Information shown: Begin

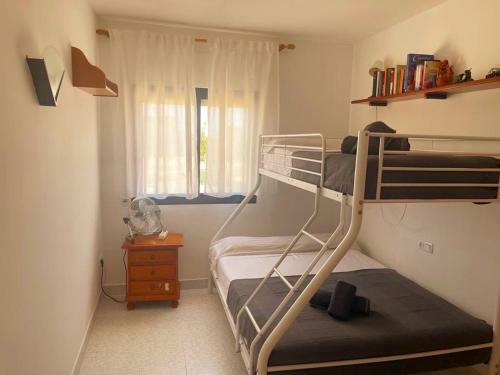 Apartament A Pals, Amb Piscina, Platja A 1 Minut
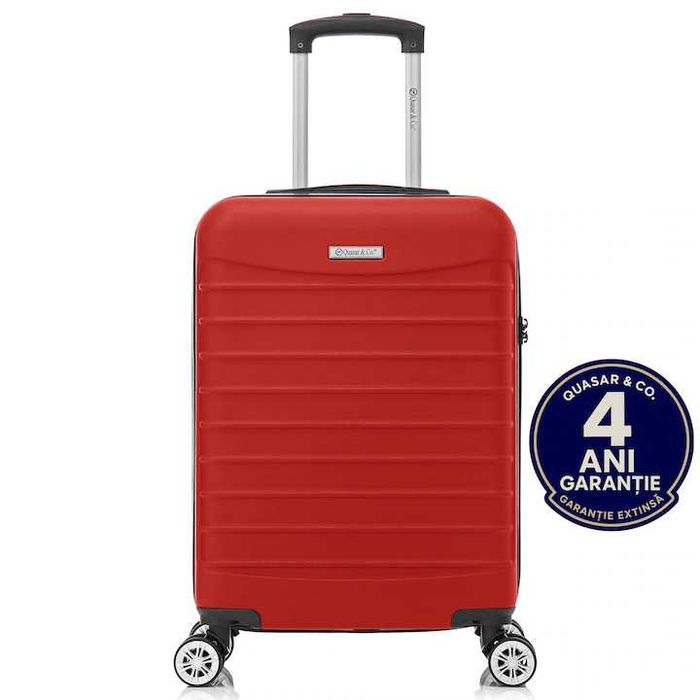Troler cabina avion Quasar & Co.®, 55x36x20cm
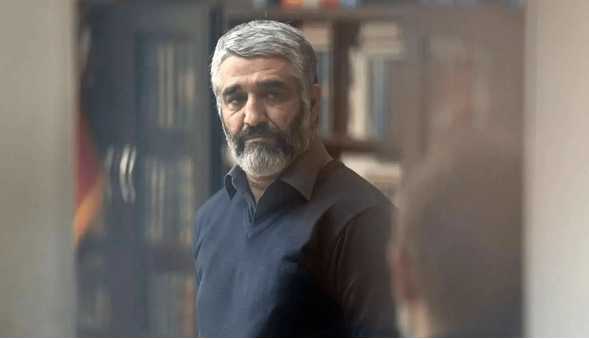 وکیل پژمان جمشیدی خروج موکلش از ایران را تایید کرد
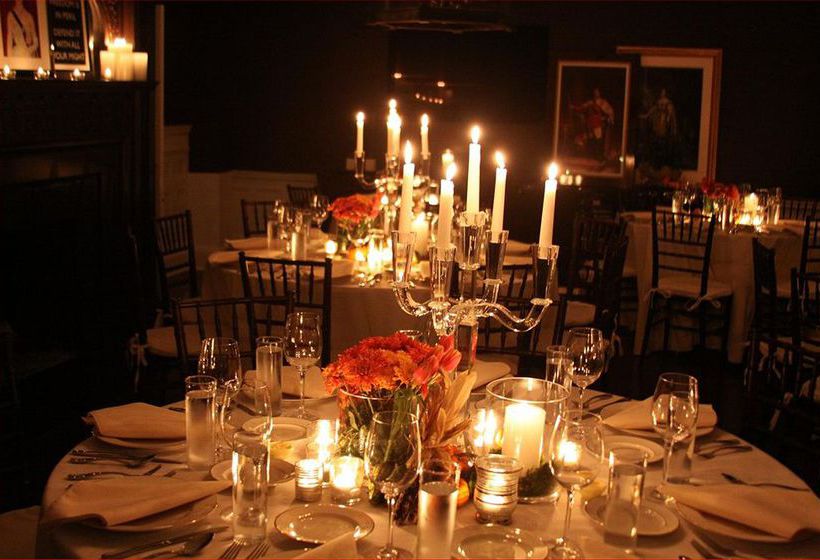 Hôtel Kemble Inn  | Lenox | Massachusetts | Hôtels aux États-Unis 1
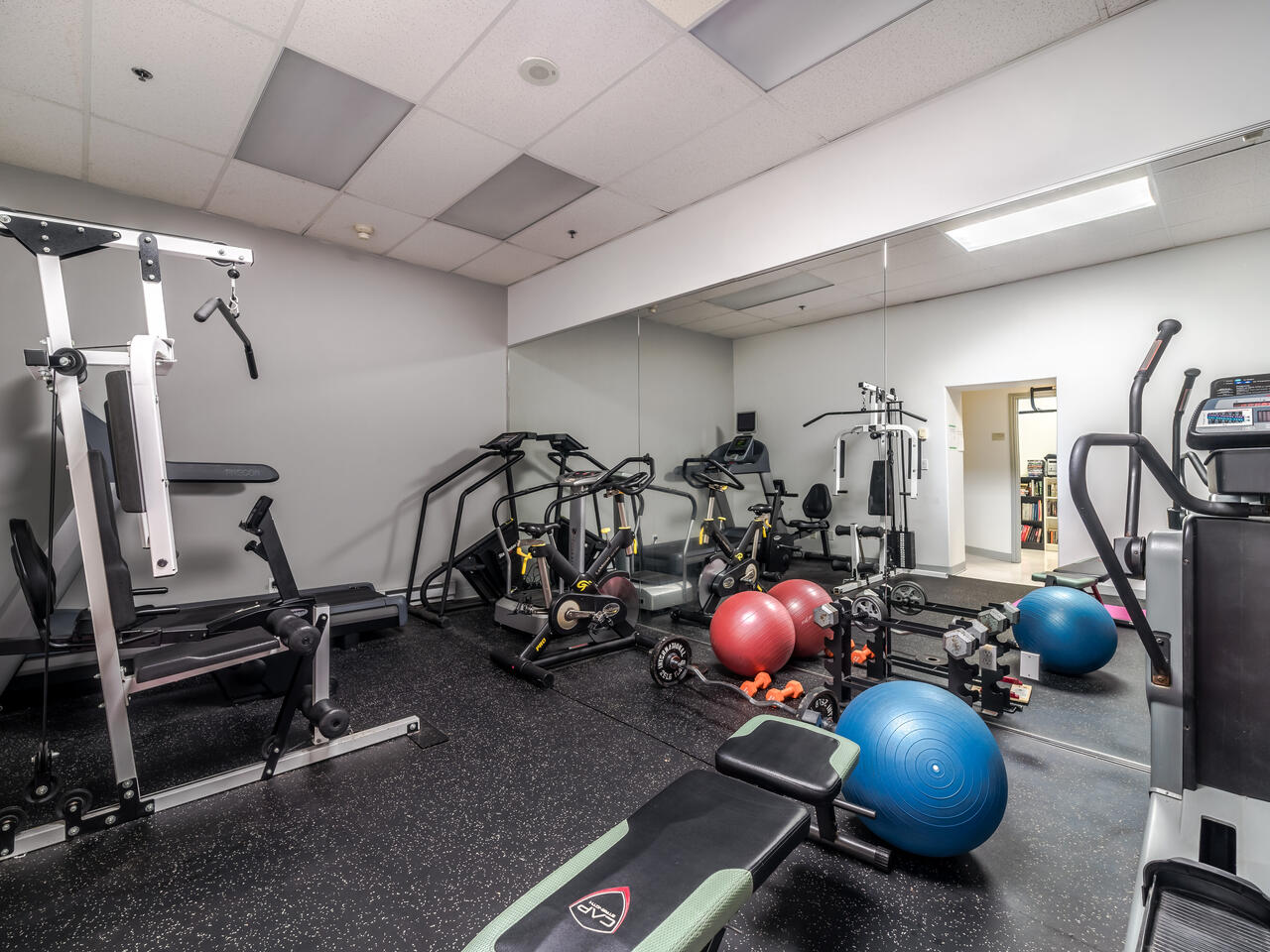 1104-680 Clarkson St, New Westminster 21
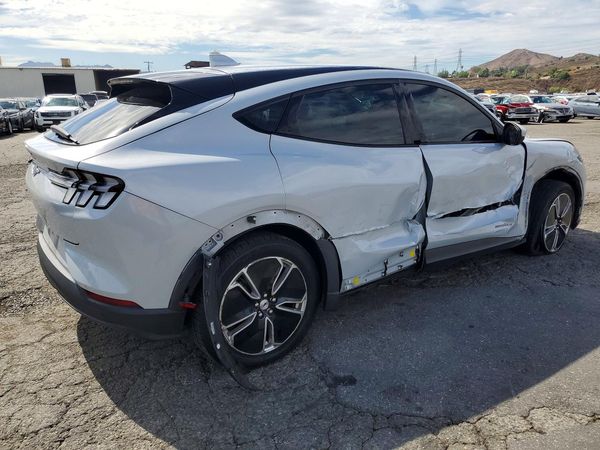 2022 FORD MUSTANG Select — PSRA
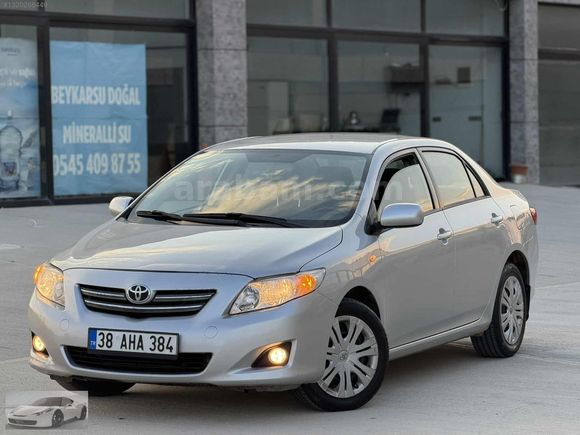 2008 MODEL 1.6 COMFORT 174.000 KM DE CAM GİBİ LPG'Lİ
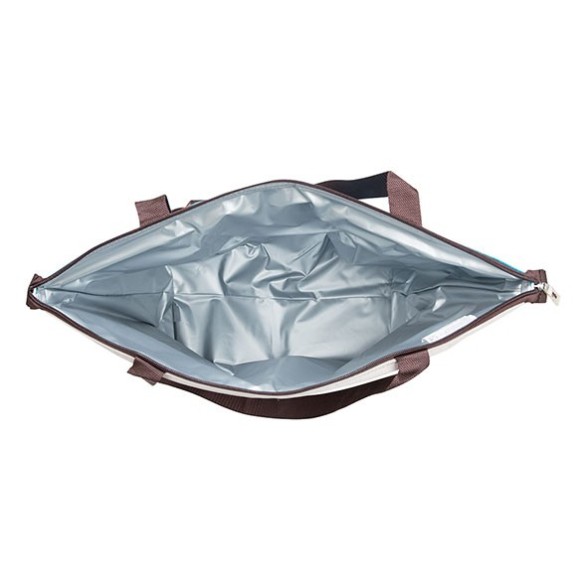 Borsa Termica 15L Ethnic Shopping Campingaz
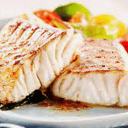 Foto de Merluzon al Horno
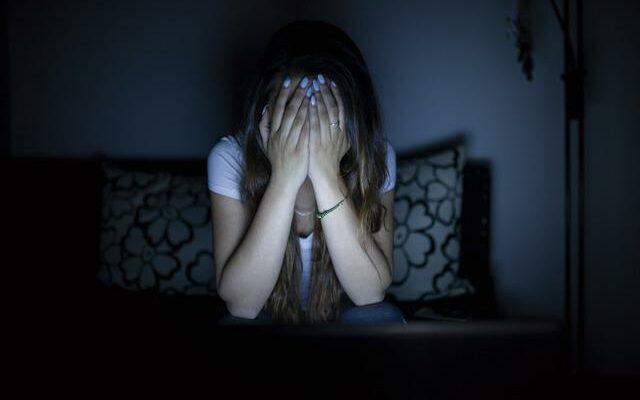 One of the most horrific abuse cases Blackmailing young girls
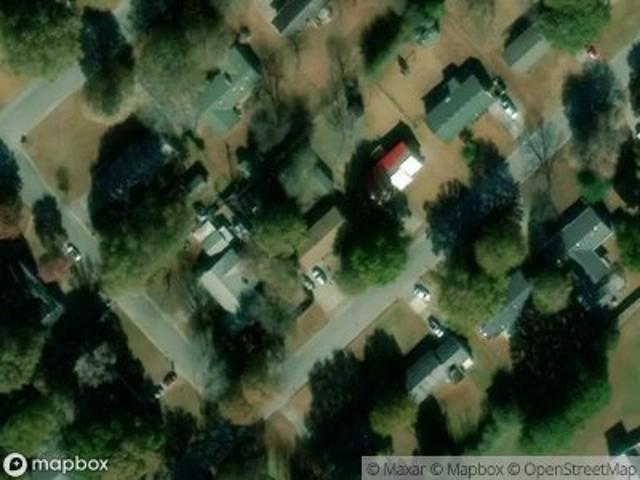 Ridgeway Dr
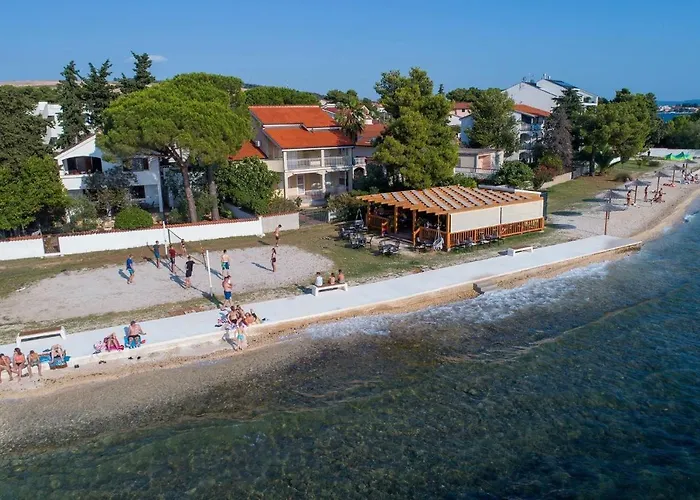 Apartment Luxury Leonika Bibinje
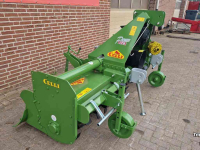 Rotary Tiller Celli Pioneer 170 255 Grondfrees Nieuw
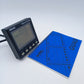 B&G Network QUAD Instrument Display Unit Speed Depth Temp Marine Boat Brookes2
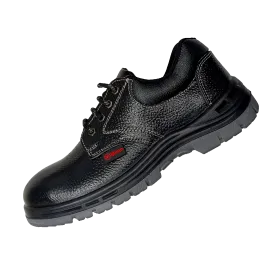 Milan Safety Light Weight Safety Shoe MS 03: Your Reliable Safety Partner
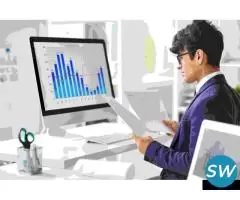 Top Ranked Data Analytics Course In Delhi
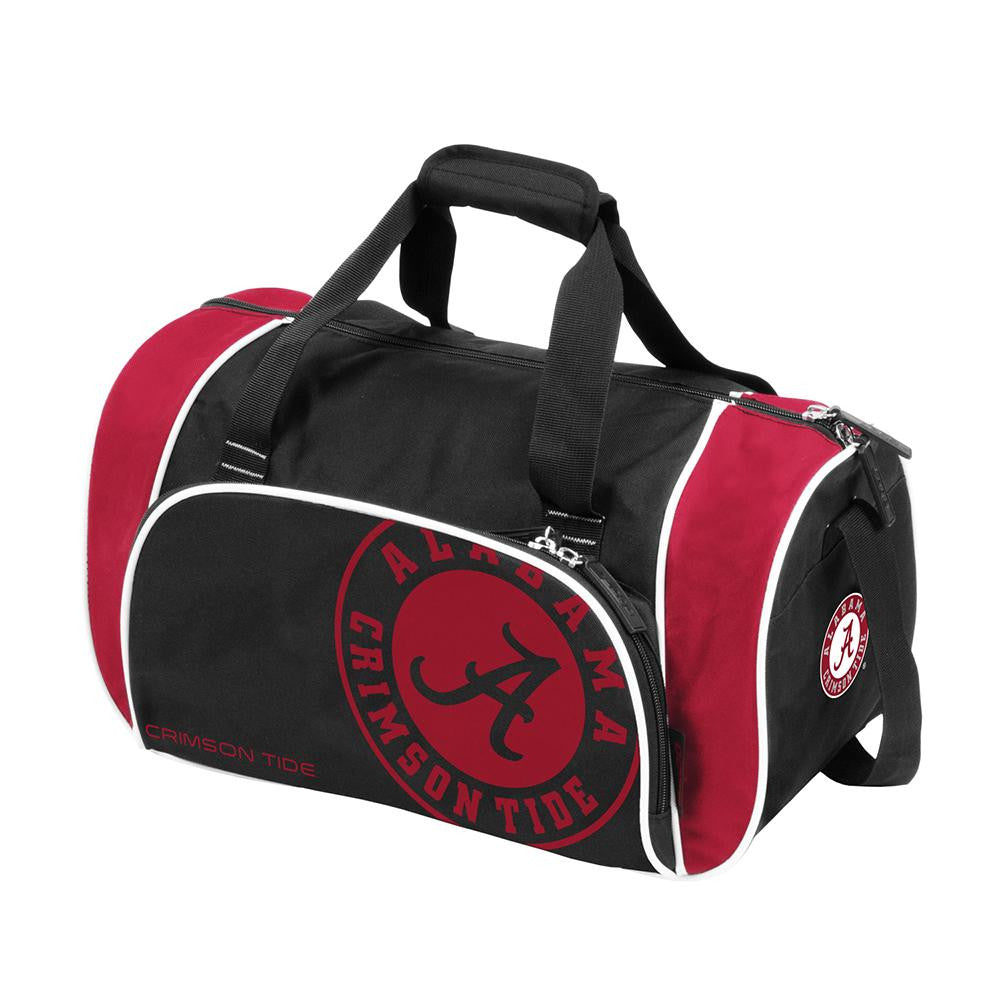 Alabama Crimson Tide NCAA Locker Duffel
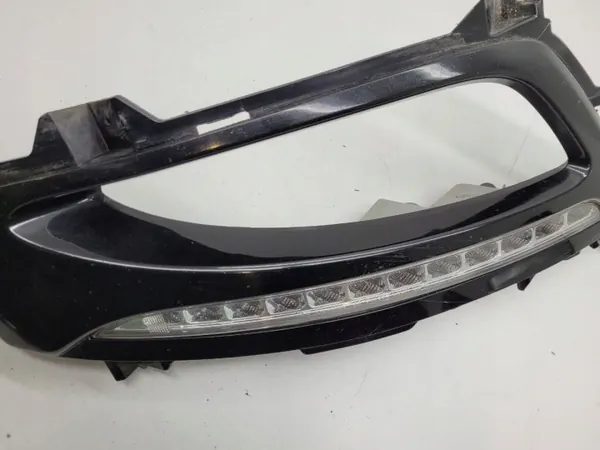 Estrutura para-choques dianteira direita OEM 86552-2T020 92208-2T image 5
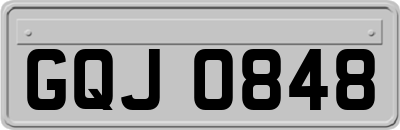 GQJ0848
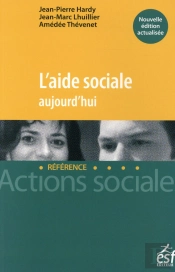 L'Aide Sociale Aujourd'Hui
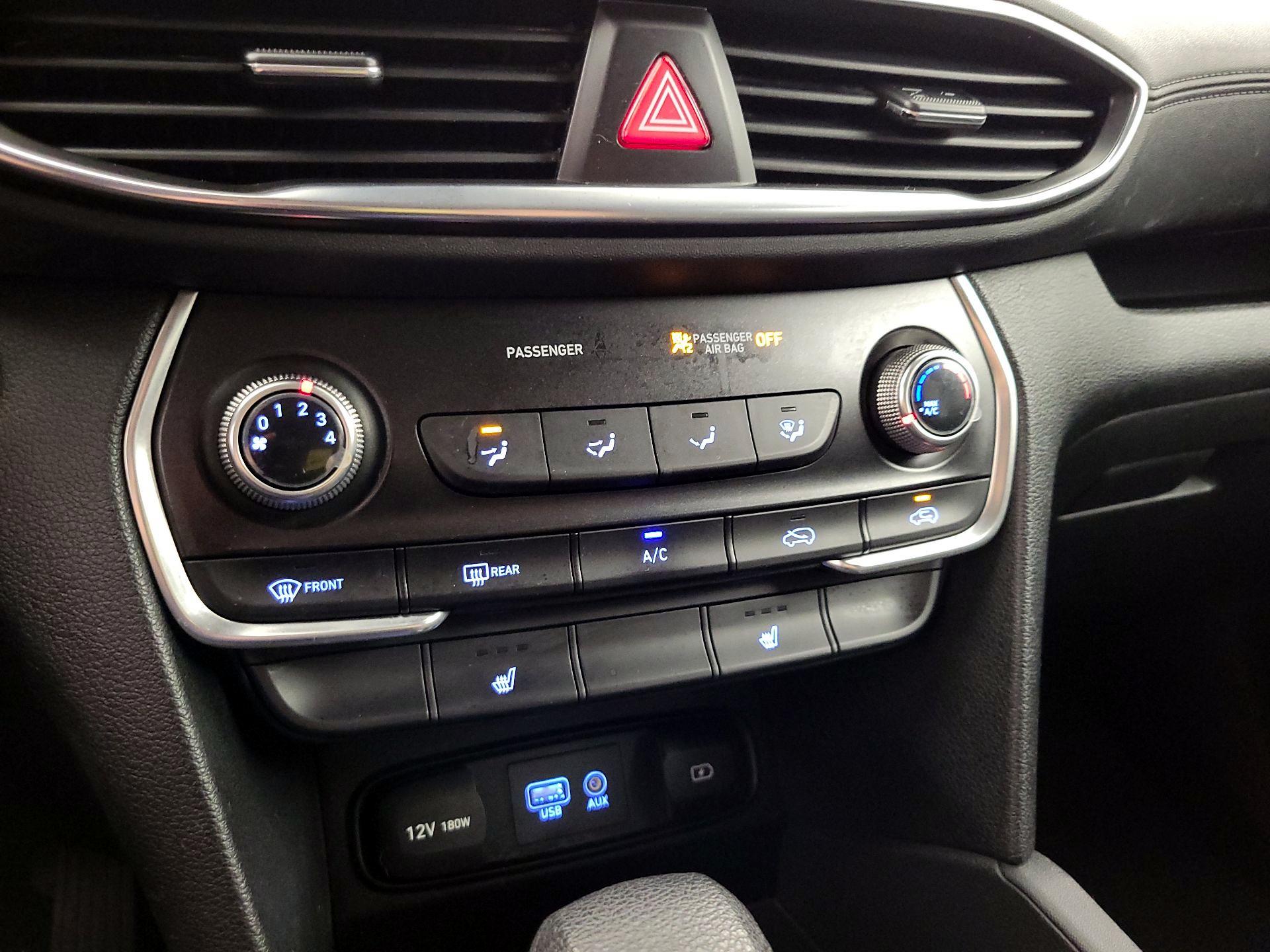 Thumbnail: 2019 Hyundai Santa Fe - 16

Information shown: End

→ **Instructions for the task**
Each record above needs to be copied exactly, with images left out.

→ **Answer to the exercise**
 Apartament A Pals, Amb Piscina, Platja A 1 Minut
Troler cabina avion Quasar & Co.®, 55x36x20cm
 وکیل پژمان جمشیدی خروج موکلش از ایران را تایید کرد
 Hôtel Kemble Inn  | Lenox | Massachusetts | Hôtels aux États-Unis 1
 1104-680 Clarkson St, New Westminster 21
 2022 FORD MUSTANG Select — PSRA
 2008 MODEL 1.6 COMFORT 174.000 KM DE CAM GİBİ LPG'Lİ
 Borsa Termica 15L Ethnic Shopping Campingaz
 Foto de Merluzon al Horno
 One of the most horrific abuse cases Blackmailing young girls
 Ridgeway Dr
 Apartment Luxury Leonika Bibinje
 Rotary Tiller Celli Pioneer 170 255 Grondfrees Nieuw
 B&G Network QUAD Instrument Display Unit Speed Depth Temp Marine Boat Brookes2
 Milan Safety Light Weight Safety Shoe MS 03: Your Reliable Safety Partner
 Top Ranked Data Analytics Course In Delhi
 Alabama Crimson Tide NCAA Locker Duffel
 Estrutura para-choques dianteira direita OEM 86552-2T020 92208-2T image 5
 GQJ0848
 L'Aide Sociale Aujourd'Hui
 Thumbnail: 2019 Hyundai Santa Fe - 16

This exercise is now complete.